Architecture and environment
While a lot of digital advancement has focused on smart cities and habitats, there is more to sustainability than pure tech.
“India is well poised for smart building and smart city technologies and can become a leader. India has talent and expertise,” observes architect-designer Vijaya Bhargav, Partner at Ostraca.
“It is not just about focusing on technology but getting the basics right. Smart thinking, good design, and planning with a focus on people, place and the planet is the key. Heritage, culture, image and identity are important aspects as well,” she adds. Implementation challenges lie in tackling bureaucracy, she cautions.
She calls for more effective planning for smart and sustainable cities. “We need walkable and liveable cities. For this, we should look towards adopting the ‘half city’ concept. As smart individuals we should think of consuming half as much of everything we do,” Vijaya urges.
“That helps create cities that are greener, cleaner, with less traffic and less pollution as we did during COVID-19. We need to rethink our cities and re-purpose our built environment,” she emphasises.
As encouraging signs, Vijaya points towards some residential developments that foster living with nature and encourage biodiversity in the true sense. “There are a few examples of mixed-use developments that are sustainable models. The Titan Campus in Bengaluru sets a great example for future workspace buildings,” she adds.

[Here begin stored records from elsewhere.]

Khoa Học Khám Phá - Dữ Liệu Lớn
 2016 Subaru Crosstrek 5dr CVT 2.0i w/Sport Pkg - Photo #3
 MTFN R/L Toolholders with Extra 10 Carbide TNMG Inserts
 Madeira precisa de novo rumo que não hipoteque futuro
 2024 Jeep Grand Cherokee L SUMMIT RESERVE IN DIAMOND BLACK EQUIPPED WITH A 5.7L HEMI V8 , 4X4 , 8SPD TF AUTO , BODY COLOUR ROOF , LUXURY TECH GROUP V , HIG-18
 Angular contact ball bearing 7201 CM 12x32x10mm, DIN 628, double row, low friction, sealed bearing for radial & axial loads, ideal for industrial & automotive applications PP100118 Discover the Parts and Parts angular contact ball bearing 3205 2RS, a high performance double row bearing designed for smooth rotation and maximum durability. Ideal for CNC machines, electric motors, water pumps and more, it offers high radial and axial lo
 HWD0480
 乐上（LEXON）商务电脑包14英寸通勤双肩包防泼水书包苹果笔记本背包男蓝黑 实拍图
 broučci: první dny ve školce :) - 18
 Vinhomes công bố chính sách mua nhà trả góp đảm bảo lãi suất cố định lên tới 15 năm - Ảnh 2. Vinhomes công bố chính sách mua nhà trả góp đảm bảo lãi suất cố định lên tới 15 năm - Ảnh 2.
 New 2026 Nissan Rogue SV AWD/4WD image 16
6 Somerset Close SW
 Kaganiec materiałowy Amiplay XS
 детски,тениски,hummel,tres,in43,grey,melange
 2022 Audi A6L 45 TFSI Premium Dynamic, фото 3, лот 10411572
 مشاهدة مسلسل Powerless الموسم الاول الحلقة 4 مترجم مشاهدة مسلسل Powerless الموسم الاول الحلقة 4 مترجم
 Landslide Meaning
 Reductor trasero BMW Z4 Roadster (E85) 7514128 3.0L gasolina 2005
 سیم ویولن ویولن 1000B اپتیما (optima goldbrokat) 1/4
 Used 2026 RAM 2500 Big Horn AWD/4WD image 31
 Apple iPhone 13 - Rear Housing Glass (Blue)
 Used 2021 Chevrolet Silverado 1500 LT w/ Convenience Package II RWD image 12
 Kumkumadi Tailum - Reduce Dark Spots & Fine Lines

Her own work addresses upgrades of government schools and urban interventions to create usable public spaces. As for rural architecture, Vijaya flags trends like going back to the roots of vernacular architecture by the usage of local materials, better hygiene, and self-sustainable models.
Tips for changemakers
The speakers also offer tips for game-changers and changemakers in terms of mindset, communication and connection.
“Think of how we can improve the quality of public discourse. In most issues, we can all accept some base data as a starting point even if we disagree on its interpretation. This in itself is a very important start,” Govindraj Ethiraj advises, on the importance of data stories.
“Always be kind. Everything else follows automatically,” Sid Pai adds.
Vijaya urges the creative community to dream big but respect the planet. Change is a constant, and it is important to upskill, update and reboot regularly.
“Believe that you can make a difference, leave a legacy that you will be proud of. Be empathetic. Collective intelligence can create wonders,” she signs off.